▸ Data:
>>>>>
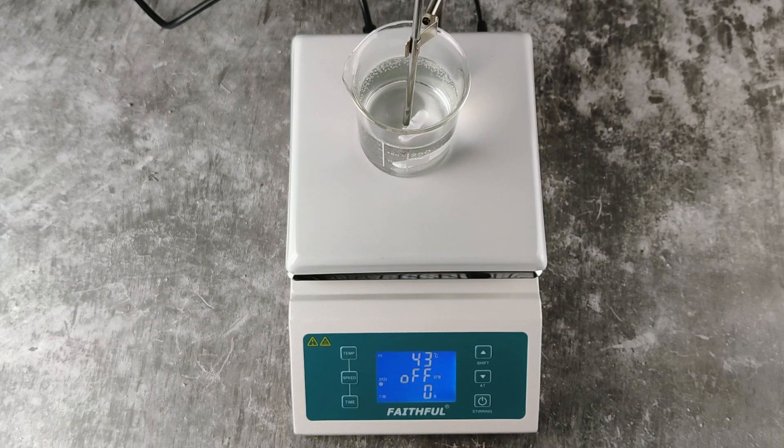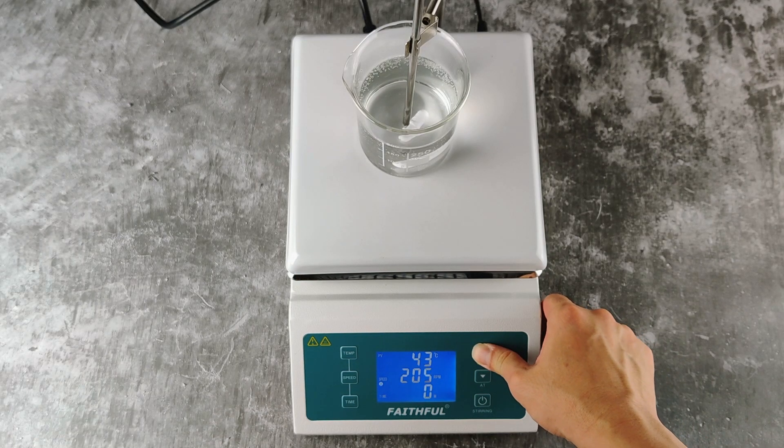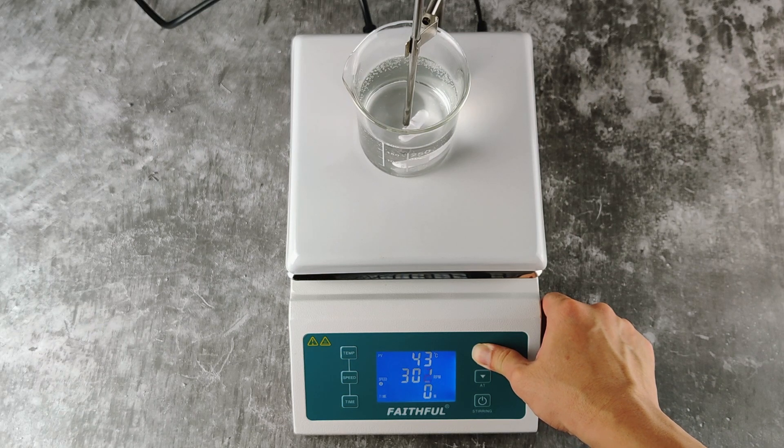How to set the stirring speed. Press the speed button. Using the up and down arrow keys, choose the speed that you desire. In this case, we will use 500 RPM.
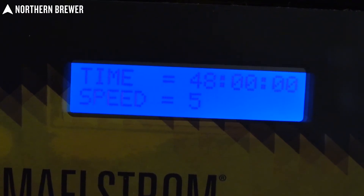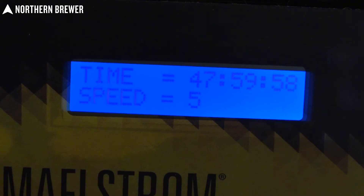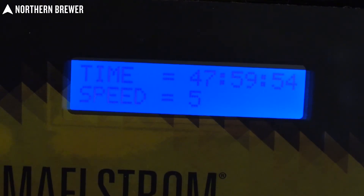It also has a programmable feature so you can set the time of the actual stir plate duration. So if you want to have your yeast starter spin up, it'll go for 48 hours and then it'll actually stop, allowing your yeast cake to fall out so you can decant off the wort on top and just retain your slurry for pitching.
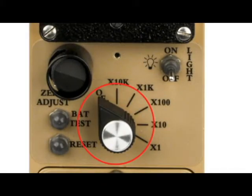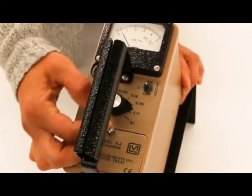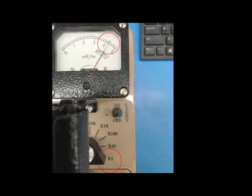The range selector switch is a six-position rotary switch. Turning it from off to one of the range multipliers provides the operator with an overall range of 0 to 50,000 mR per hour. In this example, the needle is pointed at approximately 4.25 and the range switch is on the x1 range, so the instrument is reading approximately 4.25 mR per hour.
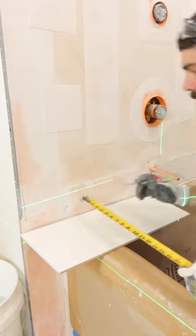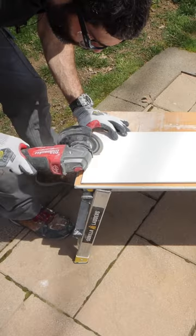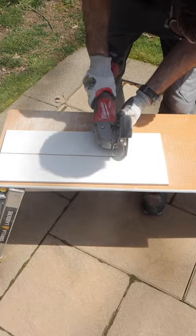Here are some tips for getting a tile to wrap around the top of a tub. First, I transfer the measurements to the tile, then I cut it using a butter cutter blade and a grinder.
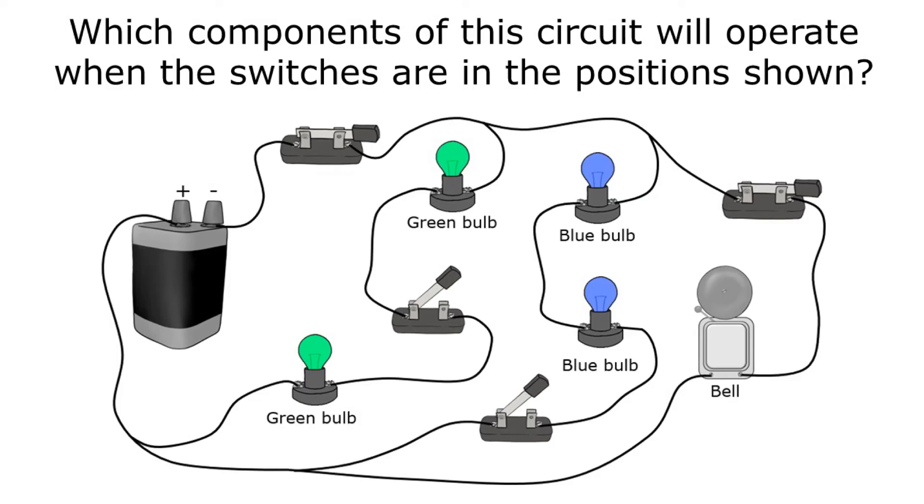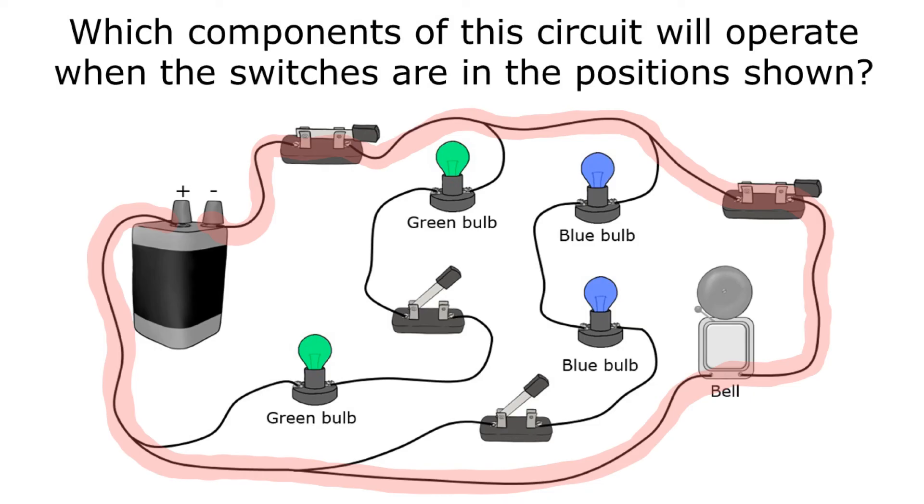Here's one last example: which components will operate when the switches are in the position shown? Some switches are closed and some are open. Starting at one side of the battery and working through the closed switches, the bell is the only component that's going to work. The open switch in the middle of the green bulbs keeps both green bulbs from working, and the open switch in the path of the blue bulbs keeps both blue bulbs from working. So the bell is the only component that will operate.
<<<<<
>>>>>
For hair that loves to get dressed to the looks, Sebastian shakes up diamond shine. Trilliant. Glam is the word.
<<<<<
>>>>>
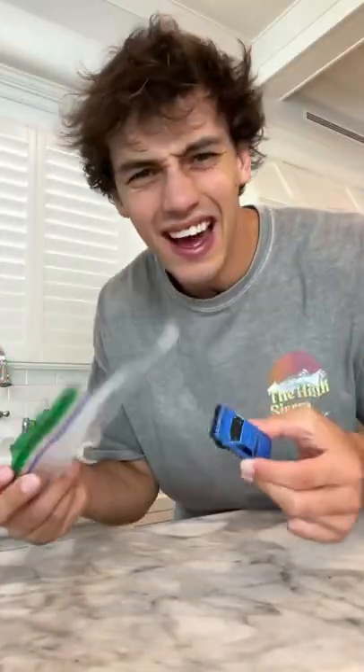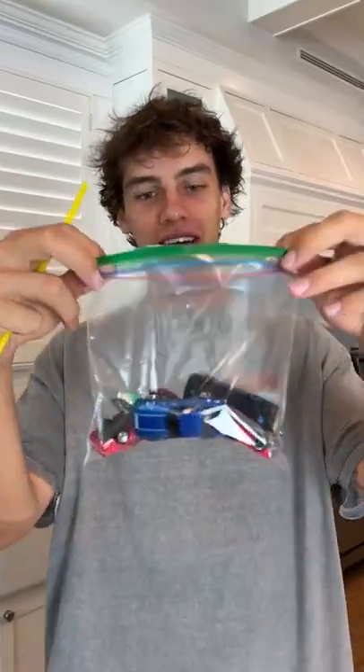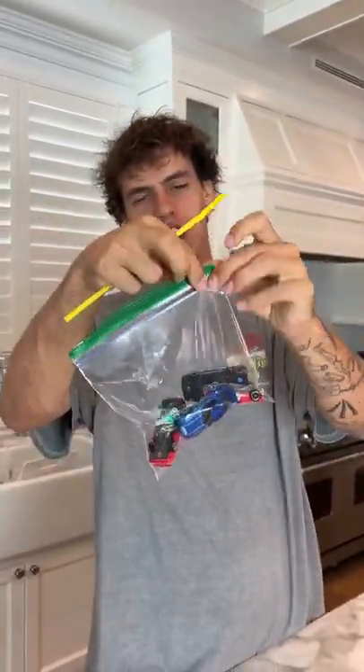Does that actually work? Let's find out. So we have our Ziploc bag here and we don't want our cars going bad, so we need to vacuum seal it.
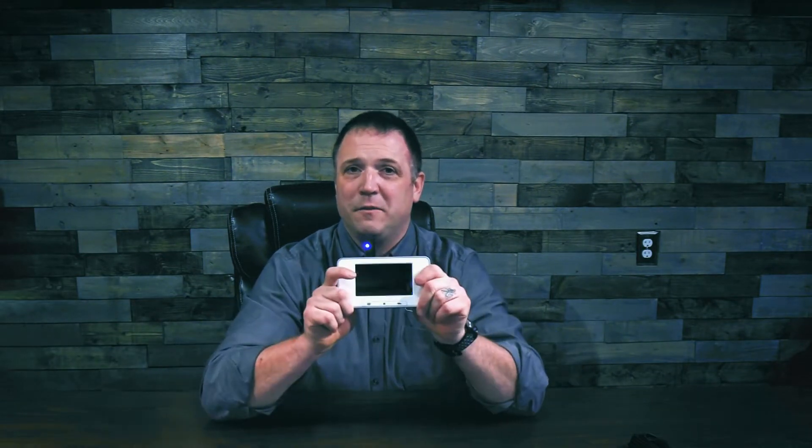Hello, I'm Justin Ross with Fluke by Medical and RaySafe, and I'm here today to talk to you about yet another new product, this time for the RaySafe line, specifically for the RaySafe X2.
<<<<<
▸ Your instructions:
Every line from the one with "The range selector" through the one with "Here's one last" is to be reproduced exactly as written above, and the pictures are to be dropped.

▸ Reply to the exercise:
The range selector switch is a six-position rotary switch. Turning it from off to one of the range multipliers provides the operator with an overall range of 0 to 50,000 mR per hour. In this example, the needle is pointed at approximately 4.25 and the range switch is on the x1 range, so the instrument is reading approximately 4.25 mR per hour.
Here are some tips for getting a tile to wrap around the top of a tub. First, I transfer the measurements to the tile, then I cut it using a butter cutter blade and a grinder.
Here's one last example: which components will operate when the switches are in the position shown? Some switches are closed and some are open. Starting at one side of the battery and working through the closed switches, the bell is the only component that's going to work. The open switch in the middle of the green bulbs keeps both green bulbs from working, and the open switch in the path of the blue bulbs keeps both blue bulbs from working. So the bell is the only component that will operate.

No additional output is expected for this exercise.